7.2. Trithemius Cipher#

The Trithemius Cipher attempts to formalize the polyalphabetic cipher process by using very predictable keys. The first letter in your plaintext will be enciphered by key letter/value of A and each subsequent letter in the plaintext is enciphered using the subsequent letters that follow A. For example, to encipher the plaintext message do not press this button you would start by writing:

keystream: ABCDEFGHIJKLMNOPQRST
plaintext: donotpressthisbutton

Then you would use the tabula rectra or mathematical approach to encipher the message as seen in the previous section.

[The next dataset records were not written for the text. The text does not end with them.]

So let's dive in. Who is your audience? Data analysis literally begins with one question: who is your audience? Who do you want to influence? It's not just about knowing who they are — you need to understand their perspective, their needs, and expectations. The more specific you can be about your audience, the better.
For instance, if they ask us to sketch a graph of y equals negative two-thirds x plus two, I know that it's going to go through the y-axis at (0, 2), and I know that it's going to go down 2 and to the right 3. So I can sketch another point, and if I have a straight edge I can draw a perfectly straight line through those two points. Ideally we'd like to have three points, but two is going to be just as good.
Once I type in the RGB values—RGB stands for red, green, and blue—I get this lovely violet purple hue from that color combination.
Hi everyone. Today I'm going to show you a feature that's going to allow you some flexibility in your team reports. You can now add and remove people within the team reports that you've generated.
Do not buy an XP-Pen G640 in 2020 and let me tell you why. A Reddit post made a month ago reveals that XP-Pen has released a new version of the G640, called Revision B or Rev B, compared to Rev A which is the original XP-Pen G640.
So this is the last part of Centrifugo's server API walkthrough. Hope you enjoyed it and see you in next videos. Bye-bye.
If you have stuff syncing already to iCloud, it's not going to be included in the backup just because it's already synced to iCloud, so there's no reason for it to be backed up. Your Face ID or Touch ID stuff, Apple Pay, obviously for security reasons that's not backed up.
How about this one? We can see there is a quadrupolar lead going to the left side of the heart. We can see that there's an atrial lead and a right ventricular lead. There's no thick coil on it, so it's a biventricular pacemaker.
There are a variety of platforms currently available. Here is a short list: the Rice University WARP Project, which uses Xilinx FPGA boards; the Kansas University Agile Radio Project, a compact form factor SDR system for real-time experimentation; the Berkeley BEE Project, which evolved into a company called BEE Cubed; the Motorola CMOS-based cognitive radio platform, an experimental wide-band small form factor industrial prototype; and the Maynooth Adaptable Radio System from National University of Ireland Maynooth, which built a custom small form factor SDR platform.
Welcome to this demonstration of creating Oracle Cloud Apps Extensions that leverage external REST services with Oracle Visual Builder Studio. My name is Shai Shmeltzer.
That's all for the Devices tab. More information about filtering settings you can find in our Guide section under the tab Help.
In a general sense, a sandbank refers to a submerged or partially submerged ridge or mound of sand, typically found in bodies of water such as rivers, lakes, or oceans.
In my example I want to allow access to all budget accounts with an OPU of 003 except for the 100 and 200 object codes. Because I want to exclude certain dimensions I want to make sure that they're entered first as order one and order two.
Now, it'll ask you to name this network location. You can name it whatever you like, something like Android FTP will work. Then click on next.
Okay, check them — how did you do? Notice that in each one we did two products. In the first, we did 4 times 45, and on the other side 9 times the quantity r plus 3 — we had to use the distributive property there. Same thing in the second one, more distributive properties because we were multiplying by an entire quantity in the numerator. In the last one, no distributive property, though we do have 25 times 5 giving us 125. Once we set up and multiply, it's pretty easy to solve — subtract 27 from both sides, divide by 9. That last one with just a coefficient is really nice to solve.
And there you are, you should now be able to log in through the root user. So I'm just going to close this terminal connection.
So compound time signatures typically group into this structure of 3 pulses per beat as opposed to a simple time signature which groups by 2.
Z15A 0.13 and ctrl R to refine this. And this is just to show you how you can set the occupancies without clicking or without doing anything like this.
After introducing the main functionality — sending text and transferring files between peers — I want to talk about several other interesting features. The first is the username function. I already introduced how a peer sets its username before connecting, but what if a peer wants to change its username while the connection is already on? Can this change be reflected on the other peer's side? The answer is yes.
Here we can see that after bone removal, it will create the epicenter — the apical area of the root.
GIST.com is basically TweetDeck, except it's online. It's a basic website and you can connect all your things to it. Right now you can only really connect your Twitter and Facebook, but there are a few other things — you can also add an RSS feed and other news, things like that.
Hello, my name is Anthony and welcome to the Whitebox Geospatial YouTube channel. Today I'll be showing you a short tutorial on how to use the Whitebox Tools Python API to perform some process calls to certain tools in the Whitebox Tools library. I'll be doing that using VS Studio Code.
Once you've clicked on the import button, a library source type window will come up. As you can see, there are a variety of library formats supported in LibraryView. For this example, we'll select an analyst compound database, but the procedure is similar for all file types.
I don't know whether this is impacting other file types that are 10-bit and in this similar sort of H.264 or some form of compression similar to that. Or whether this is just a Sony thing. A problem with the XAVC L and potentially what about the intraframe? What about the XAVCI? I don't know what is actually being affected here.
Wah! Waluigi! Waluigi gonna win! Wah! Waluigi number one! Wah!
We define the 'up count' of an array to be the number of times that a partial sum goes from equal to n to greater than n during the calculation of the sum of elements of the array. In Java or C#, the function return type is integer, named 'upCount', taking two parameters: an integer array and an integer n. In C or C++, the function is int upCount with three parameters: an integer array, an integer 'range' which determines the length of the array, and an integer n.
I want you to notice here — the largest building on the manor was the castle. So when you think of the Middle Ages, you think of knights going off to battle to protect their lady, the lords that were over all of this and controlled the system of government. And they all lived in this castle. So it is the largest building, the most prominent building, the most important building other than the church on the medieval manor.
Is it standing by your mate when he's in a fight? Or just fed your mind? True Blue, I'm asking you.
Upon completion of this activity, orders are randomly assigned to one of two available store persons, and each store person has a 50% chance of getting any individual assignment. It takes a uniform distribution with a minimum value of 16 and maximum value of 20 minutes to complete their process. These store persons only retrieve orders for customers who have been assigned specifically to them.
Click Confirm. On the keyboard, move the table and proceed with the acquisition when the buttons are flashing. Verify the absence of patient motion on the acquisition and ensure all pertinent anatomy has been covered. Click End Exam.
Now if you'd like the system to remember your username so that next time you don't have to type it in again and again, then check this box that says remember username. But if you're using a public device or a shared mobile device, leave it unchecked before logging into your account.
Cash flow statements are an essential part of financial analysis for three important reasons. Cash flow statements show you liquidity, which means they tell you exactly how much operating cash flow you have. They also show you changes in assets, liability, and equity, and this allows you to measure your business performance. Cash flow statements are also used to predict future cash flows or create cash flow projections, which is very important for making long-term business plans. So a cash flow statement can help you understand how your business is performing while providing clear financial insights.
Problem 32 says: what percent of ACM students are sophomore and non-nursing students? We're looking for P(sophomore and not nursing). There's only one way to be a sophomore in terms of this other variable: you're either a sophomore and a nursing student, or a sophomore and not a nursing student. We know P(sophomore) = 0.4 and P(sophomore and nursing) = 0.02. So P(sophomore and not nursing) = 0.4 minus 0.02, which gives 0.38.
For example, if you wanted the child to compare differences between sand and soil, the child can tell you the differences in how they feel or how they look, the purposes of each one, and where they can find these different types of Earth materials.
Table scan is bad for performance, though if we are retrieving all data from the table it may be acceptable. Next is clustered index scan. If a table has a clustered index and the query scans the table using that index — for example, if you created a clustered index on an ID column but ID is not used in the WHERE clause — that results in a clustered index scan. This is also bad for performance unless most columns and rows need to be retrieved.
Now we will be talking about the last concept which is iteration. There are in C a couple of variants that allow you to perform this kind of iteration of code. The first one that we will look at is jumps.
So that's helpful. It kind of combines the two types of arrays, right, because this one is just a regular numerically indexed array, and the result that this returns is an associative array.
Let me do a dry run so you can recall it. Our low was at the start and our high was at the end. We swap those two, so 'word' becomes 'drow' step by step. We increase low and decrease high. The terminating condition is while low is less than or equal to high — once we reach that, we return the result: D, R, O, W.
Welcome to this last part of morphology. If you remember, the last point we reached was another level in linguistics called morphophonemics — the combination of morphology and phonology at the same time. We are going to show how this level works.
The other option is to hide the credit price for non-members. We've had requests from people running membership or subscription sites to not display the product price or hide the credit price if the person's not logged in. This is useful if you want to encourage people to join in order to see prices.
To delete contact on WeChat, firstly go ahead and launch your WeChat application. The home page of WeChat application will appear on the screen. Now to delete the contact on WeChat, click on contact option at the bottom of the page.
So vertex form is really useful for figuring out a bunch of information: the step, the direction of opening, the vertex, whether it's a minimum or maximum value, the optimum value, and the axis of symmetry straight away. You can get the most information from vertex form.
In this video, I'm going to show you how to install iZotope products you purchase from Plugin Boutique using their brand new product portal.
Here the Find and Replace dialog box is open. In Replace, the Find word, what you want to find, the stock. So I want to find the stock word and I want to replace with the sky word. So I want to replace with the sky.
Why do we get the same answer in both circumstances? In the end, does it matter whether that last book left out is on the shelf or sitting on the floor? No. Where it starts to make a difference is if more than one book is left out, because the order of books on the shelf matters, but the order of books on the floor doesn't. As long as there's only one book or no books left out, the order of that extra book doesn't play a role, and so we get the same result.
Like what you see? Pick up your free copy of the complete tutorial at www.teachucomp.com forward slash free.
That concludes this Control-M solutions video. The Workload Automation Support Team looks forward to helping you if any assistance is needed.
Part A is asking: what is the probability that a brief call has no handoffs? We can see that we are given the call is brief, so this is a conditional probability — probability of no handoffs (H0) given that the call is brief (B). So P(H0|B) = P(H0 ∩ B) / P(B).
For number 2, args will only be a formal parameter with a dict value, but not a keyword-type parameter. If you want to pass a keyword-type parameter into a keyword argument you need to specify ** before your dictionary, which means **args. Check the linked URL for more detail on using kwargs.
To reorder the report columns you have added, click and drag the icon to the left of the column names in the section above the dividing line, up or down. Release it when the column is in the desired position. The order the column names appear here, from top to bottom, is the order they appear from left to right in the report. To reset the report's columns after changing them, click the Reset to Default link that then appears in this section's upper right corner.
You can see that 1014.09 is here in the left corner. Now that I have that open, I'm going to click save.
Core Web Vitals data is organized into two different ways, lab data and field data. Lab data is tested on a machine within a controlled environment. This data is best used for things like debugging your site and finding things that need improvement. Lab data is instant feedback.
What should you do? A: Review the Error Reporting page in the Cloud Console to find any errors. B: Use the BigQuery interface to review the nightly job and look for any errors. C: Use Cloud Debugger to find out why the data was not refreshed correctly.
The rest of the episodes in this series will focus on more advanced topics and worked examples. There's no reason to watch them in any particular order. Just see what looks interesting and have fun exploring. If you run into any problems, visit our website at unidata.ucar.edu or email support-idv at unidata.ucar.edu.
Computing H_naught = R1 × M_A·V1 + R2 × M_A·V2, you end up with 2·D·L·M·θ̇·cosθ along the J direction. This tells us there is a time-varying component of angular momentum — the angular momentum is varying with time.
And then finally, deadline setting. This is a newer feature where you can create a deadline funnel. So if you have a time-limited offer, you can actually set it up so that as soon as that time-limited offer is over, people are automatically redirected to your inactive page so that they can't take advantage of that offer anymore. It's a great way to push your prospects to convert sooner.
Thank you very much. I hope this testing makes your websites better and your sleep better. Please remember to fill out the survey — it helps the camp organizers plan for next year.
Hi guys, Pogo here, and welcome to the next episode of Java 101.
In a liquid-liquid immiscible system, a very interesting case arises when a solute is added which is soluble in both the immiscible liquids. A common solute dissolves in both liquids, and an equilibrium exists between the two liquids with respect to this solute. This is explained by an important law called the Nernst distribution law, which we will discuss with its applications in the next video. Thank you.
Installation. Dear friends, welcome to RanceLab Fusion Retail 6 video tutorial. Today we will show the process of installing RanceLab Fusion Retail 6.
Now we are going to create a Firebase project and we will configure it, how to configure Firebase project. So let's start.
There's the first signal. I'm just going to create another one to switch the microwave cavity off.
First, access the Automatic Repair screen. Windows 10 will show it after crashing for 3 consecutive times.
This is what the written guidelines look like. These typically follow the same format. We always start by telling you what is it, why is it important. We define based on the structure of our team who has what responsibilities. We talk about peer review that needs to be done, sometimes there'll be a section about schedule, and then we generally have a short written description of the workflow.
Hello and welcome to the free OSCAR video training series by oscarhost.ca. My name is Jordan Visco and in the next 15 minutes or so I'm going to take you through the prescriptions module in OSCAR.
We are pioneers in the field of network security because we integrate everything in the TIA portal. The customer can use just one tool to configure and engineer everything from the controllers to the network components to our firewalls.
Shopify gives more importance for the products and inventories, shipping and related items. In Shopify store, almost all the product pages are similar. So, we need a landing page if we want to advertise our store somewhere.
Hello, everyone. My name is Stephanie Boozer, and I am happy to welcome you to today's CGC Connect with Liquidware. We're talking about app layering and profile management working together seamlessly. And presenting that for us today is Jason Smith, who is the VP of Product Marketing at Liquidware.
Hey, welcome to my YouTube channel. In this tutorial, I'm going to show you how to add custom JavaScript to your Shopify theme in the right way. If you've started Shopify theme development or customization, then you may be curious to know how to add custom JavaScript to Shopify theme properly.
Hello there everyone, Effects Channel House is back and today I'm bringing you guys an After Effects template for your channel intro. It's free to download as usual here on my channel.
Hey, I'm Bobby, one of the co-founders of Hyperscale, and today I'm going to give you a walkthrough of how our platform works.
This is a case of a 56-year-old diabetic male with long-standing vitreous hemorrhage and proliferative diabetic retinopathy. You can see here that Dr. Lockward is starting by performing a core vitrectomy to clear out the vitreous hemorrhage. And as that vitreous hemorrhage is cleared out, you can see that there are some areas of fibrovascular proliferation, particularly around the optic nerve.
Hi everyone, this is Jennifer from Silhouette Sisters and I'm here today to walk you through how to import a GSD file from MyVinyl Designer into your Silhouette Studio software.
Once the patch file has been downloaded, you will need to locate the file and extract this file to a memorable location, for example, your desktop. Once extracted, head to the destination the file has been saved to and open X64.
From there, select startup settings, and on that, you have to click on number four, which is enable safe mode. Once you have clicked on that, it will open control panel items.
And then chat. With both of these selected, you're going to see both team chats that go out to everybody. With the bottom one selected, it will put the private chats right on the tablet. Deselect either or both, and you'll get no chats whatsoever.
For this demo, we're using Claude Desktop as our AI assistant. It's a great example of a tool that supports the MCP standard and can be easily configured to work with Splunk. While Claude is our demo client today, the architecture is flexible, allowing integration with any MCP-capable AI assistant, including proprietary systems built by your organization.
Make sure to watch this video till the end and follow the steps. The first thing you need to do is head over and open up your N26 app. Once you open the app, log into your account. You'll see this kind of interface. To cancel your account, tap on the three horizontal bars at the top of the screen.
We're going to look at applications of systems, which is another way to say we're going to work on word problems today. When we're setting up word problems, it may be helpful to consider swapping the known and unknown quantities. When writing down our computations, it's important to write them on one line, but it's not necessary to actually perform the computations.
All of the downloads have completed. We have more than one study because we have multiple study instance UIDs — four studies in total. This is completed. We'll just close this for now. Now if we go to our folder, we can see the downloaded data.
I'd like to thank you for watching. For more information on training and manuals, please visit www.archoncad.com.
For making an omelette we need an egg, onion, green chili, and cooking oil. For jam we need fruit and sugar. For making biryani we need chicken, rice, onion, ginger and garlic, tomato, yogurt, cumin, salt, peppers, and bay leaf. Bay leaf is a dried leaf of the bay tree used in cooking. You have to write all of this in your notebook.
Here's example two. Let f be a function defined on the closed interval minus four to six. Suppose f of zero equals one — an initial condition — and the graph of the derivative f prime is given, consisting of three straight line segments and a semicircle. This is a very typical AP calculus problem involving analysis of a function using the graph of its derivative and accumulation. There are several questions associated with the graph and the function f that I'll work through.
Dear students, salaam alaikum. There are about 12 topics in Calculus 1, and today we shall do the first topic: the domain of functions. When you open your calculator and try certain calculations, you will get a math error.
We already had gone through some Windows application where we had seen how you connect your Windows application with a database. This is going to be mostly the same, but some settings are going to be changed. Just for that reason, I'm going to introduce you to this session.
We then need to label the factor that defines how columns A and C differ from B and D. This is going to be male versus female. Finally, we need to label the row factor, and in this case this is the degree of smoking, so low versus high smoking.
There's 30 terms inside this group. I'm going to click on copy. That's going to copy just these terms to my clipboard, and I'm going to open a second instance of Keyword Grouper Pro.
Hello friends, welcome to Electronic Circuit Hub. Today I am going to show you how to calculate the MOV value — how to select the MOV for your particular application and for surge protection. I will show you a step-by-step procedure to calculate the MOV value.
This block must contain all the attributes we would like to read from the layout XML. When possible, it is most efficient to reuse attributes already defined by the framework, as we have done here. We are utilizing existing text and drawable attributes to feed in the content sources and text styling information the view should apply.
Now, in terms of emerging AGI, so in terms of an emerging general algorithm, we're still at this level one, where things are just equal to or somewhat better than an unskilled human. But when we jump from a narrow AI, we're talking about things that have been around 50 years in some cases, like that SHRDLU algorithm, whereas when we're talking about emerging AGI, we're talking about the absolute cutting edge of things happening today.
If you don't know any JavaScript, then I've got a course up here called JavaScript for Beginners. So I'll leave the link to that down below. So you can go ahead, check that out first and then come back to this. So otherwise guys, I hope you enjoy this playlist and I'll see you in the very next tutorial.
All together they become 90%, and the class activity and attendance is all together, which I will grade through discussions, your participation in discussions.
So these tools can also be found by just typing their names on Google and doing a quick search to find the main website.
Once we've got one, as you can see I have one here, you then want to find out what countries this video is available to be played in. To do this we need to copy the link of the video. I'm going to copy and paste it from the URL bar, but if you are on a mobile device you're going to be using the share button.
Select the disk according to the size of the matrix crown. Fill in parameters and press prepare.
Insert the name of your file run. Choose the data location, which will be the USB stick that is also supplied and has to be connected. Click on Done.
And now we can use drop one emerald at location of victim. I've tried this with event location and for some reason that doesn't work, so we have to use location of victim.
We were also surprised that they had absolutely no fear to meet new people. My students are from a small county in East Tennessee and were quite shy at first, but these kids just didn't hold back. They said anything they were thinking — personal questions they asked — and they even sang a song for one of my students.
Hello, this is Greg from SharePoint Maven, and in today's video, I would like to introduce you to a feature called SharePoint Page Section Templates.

Variations of the Trithemius Cipher#

Since the Trithemius cipher as described above would be used the same way every time, it’s not a secure cipher. Once you know a message was enciphered with the Trithemius method, you know exactly how to decipher it. This goes against one of the components that makes an encryption scheme valid, The method need not be secret to guarantee security. To make this cipher valid, there needs to be some variation possible.

Offset Values#

Instead of starting at A, the keystream could start at any of the 26 characters of the alphabet

keystream: HIJKLMNOPQRSTUVWXYZA
plaintext: donotpressthisbutton

Step Value#

Instead of stepping by one letter in the alphabet when creating the keystream, you could step by 2, 3, 4, etc.